#### Input for this task ####

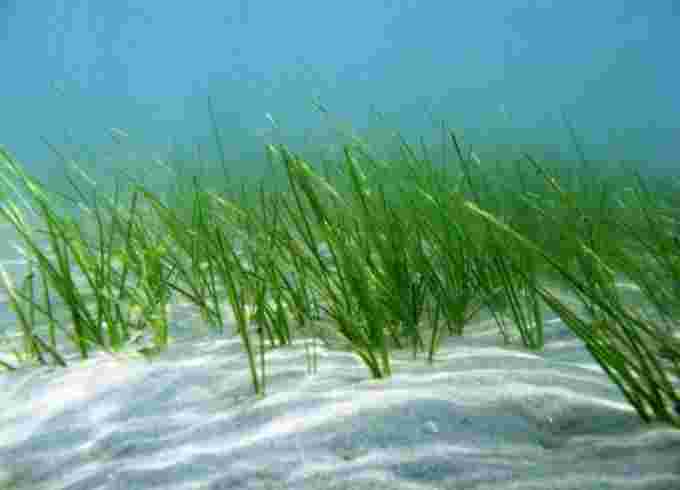 seagrass-shoal-grass-undersea-north-carolina noaa 980
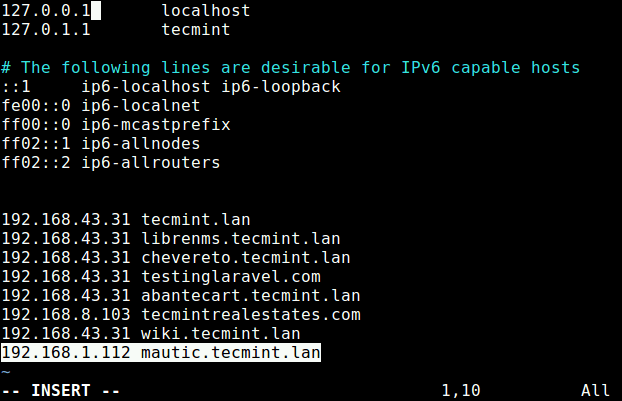 Setup Local DNS in Linux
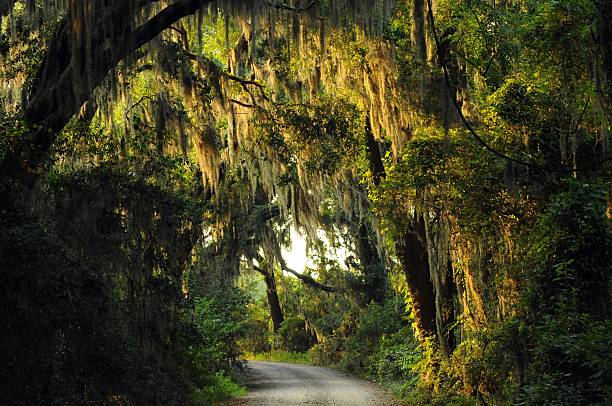 istock Savannah Wildlife Refuge 160044822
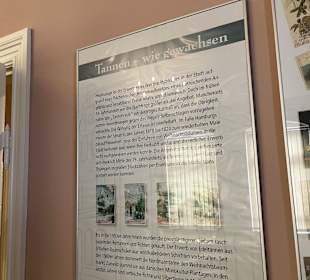 Weihnachtshaus Husum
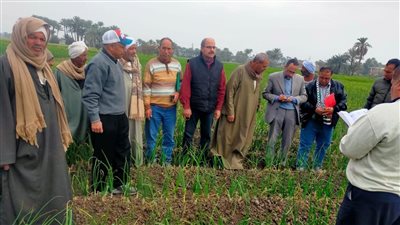 الزراعة تستعرض حصاد الفرق الإرشادية الريفية خلال الأسبوع الثاني من شهر فبراير 2024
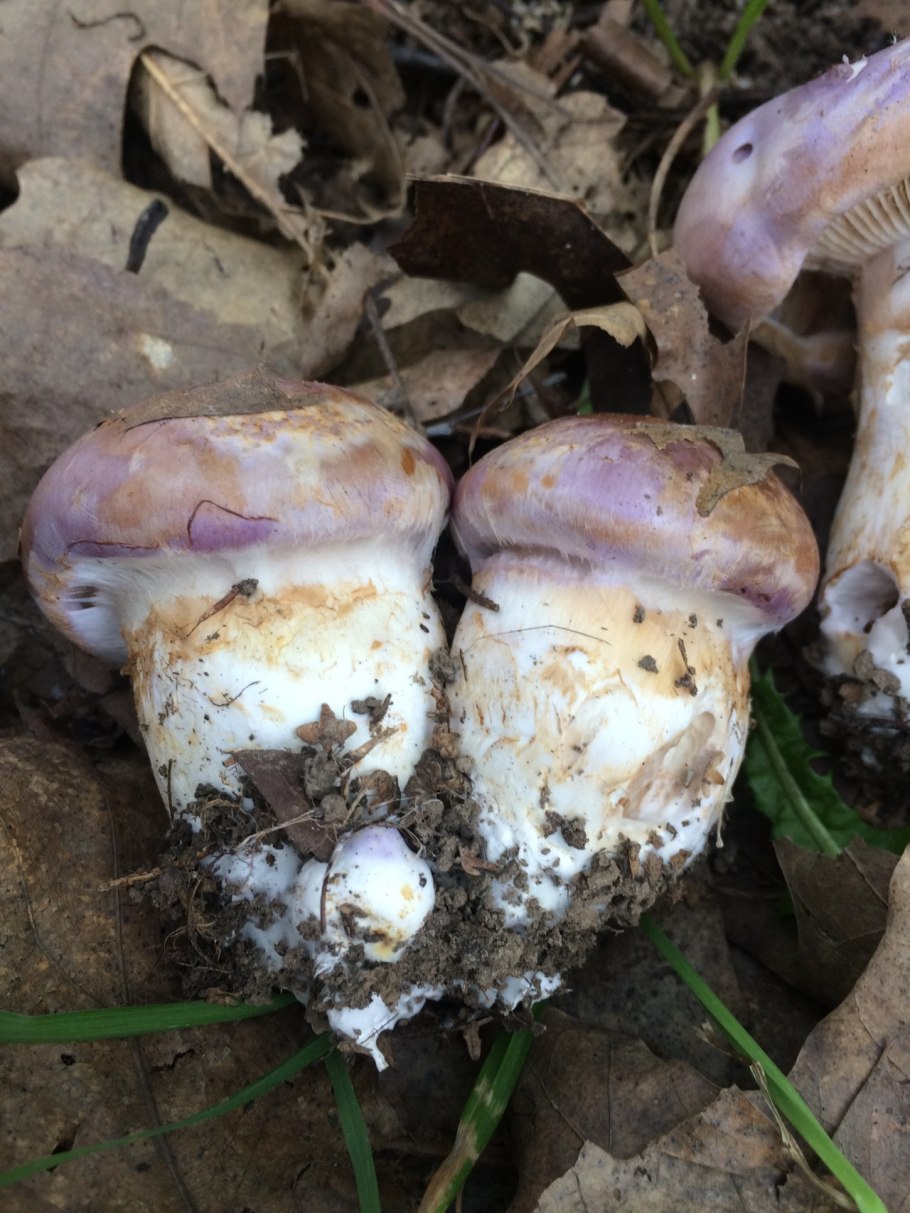 Паутинник желтый (Cortinarius Triumphans)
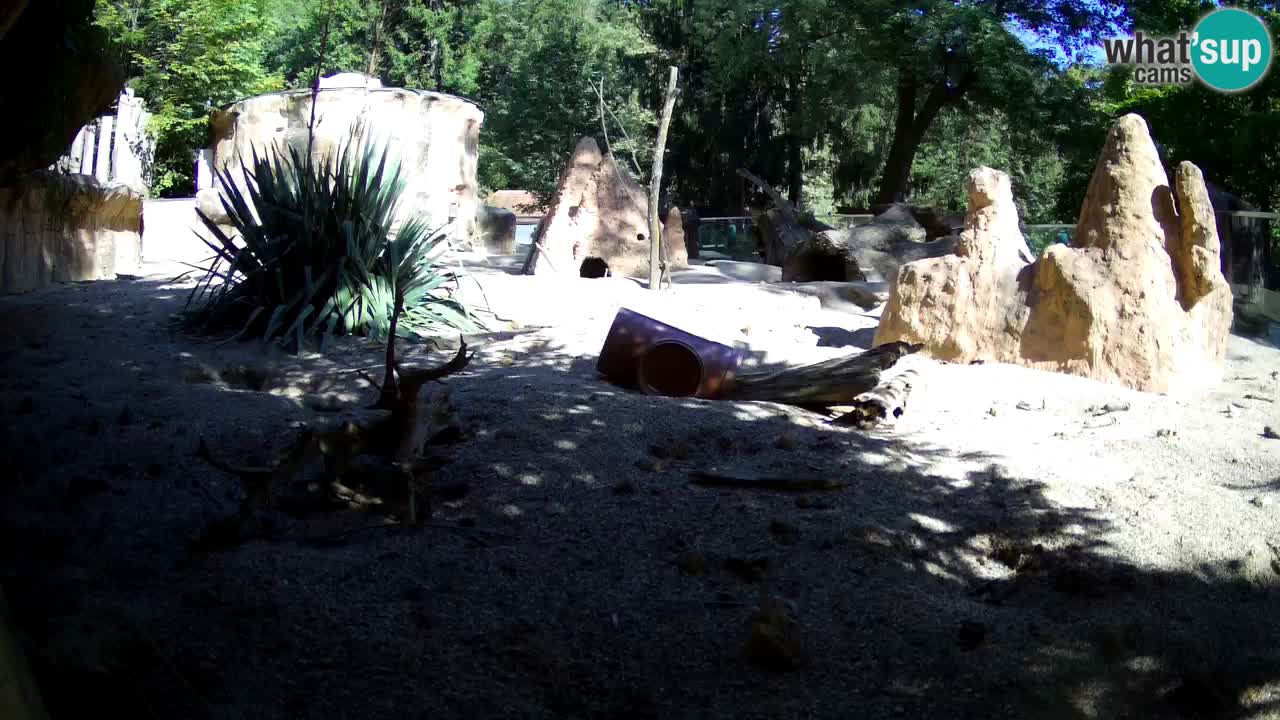 Live cam Zoo Ljubljana – Erdmännchen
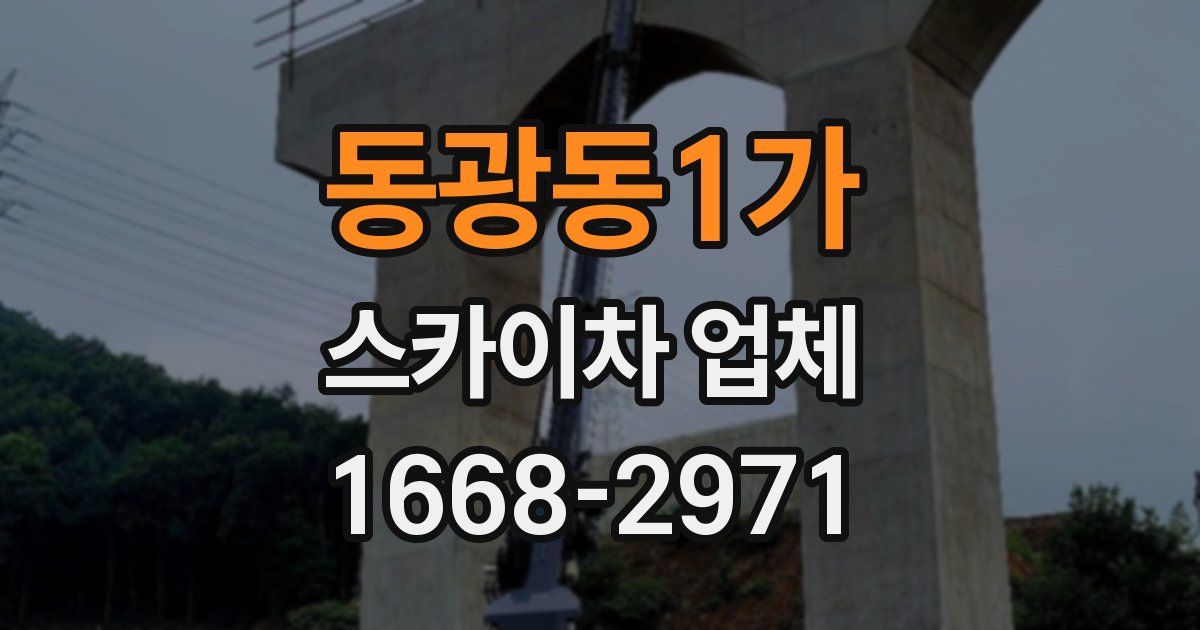 동광동1가 스카이차 업체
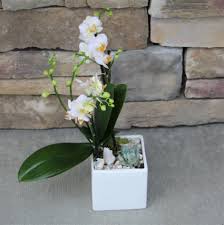 Piko Orchid Squared Planter Blooming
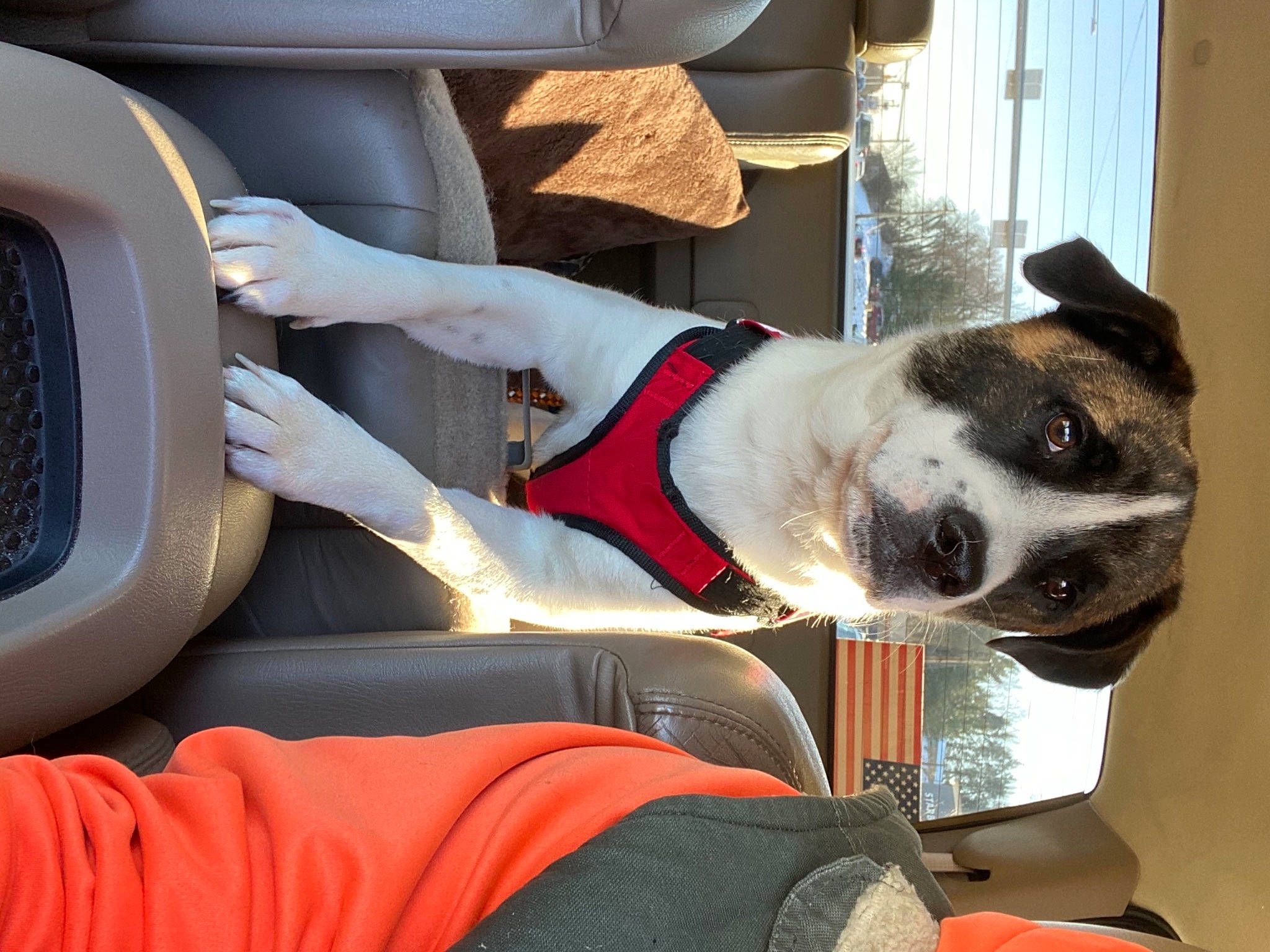 Marty is registered to the contest to win money with this photo: automotive_exterior, car_seat_cover, carmine, carnivore, collar, comfort, companion_dog, dog, dog_breed, dog_collar, dog_supply, family_car, fawn, sporting_group, steering_wheel, vehicle, vehicle_door, whiskers, white, working_animal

####

→ Problem requirements
Omit all pictures and repeat the rest of the records verbatim.

→ Exercise solution
 seagrass-shoal-grass-undersea-north-carolina noaa 980
 Setup Local DNS in Linux
 istock Savannah Wildlife Refuge 160044822
 Weihnachtshaus Husum
 الزراعة تستعرض حصاد الفرق الإرشادية الريفية خلال الأسبوع الثاني من شهر فبراير 2024
 Паутинник желтый (Cortinarius Triumphans)
 Live cam Zoo Ljubljana – Erdmännchen
 동광동1가 스카이차 업체
 Piko Orchid Squared Planter Blooming
 Marty is registered to the contest to win money with this photo: automotive_exterior, car_seat_cover, carmine, carnivore, collar, comfort, companion_dog, dog, dog_breed, dog_collar, dog_supply, family_car, fawn, sporting_group, steering_wheel, vehicle, vehicle_door, whiskers, white, working_animal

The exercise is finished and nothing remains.